_What to produce_
The copy you give must match the lines from the top of the data through the line containing "This bedroom has" exactly, and it must hold no pictures.

_Material provided_
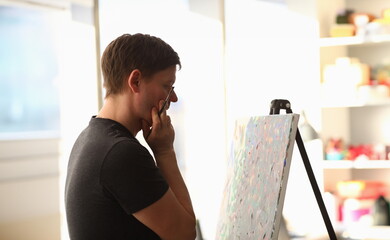 Portrait of talented young man creating masterpiece. Artist thinking on idea for painting and...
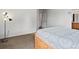 This bedroom has neutral carpet, light colored walls, and a bright sunny window at 386 Monte Vista St, Brighton, CO 80601
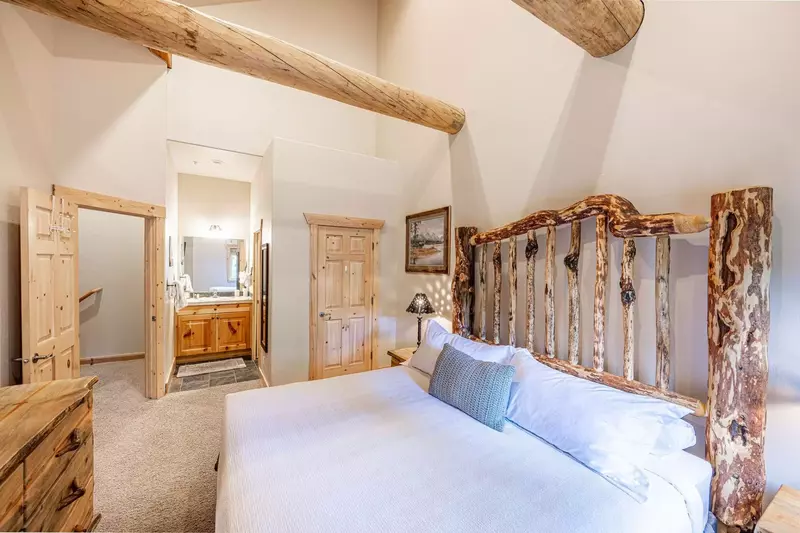 The primary bedroom located just upstairs has a private attached bathroom and a king sized bed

_Finished task_
 Portrait of talented young man creating masterpiece. Artist thinking on idea for painting and...
 This bedroom has neutral carpet, light colored walls, and a bright sunny window at 386 Monte Vista St, Brighton, CO 80601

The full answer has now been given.